# Chicken question



## Ripstel (Nov 15, 2021)

Hi. I’ve had chickens for 25 years and I now have a situation I‘d like advise on. Last winter a raccoon killed all my chickens. This was the first time in 25 years that it’s happened. They were sleeping in the rafters of a 20 x 20’ building and still were eaten. I got six new chicks this spring and they didn’t have anyone to learn from and took to sleeping in the trees about 20 feet up as soon as they were old enough to run free. I live in central Ohio and it’s now getting cold but they still insist on sleeping in the tree. I can’t catch them during the day or get them at night because they are so high up. Will they be OK outside in the winter? I thinking not. My only other option is to buy a net and catch them, but I’d have to lock them up indefinitely and I’d rather not do that. Plus there’s a possibility they may get eaten in the building and I think they’re safer up in the trees. Any help appreciated.


----------



## robin416 (Sep 8, 2013)

Frostbite would be the biggest concern. Are they large combed birds? Those suffer the most.


----------



## Ripstel (Nov 15, 2021)

robin416 said:


> Frostbite would be the biggest concern. Are they large combed birds? Those suffer the most.
> [/QUOTE





robin416 said:


> Frostbite would be the biggest concern. Are they large combed birds? Those suffer the most.


They are Rhode Island reds, bard rocks, and Americanas. I’m going to buy a net but they’re gonna hate being locked up for the foreseeable future. Our winters are generally not bad but sometimes it can get very cold.


----------



## robin416 (Sep 8, 2013)

They certainly are targets for owls with no leaves on the trees.
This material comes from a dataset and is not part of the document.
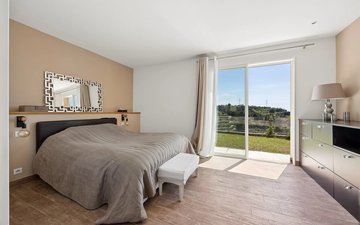 Property slide 10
If there's a reason for them to go up, like food, water and treats they learn to accept the safety. Even my Guineas come running at night for me to put them up so they can have their treats.


----------



## dawg53 (Aug 25, 2015)

Raccoons can climb trees too.


----------



## imnukensc (Dec 5, 2020)

If your chickens will come to you when you call them, you don't need a net. You can catch them with a bent coat hanger or they actually make hooks to catch them by their feet.


----------



## dawg53 (Aug 25, 2015)

Interesting. I've never seen anything like that before. I'd be concerned about a sprained leg though, not fun to deal with. Personally, I dont even bother with a net anymore unless it's an absolute emergency. I just go out to the coop in the dark and snatch a bird off the roost, much easier.


----------



## robin416 (Sep 8, 2013)

Except for that whole tree thing.

Another trick is to put treats in the lock up spot each evening. Put it near the door at first, then move it back further the next night. Once they're all in close the doors.


----------



## Poultry Judge (Jul 15, 2020)

robin416 said:


> Except for that whole tree thing.
> 
> Another trick is to put treats in the lock up spot each evening. Put it near the door at first, then move it back further the next night. Once they're all in close the doors.


Yes, it's about forming new habits, otherwise some may try to spend the winter in the tree.


----------



## Hania41806 (May 4, 2021)

I recommend dried mealworms. All chickens I’ve met love them. They quickly learned that the sound of the mealworms in the bag means it’s time for treats and they sprint to me when they hear it. Sometimes they even run to me if I have an empty bag and i crinkle it a bit.😀


----------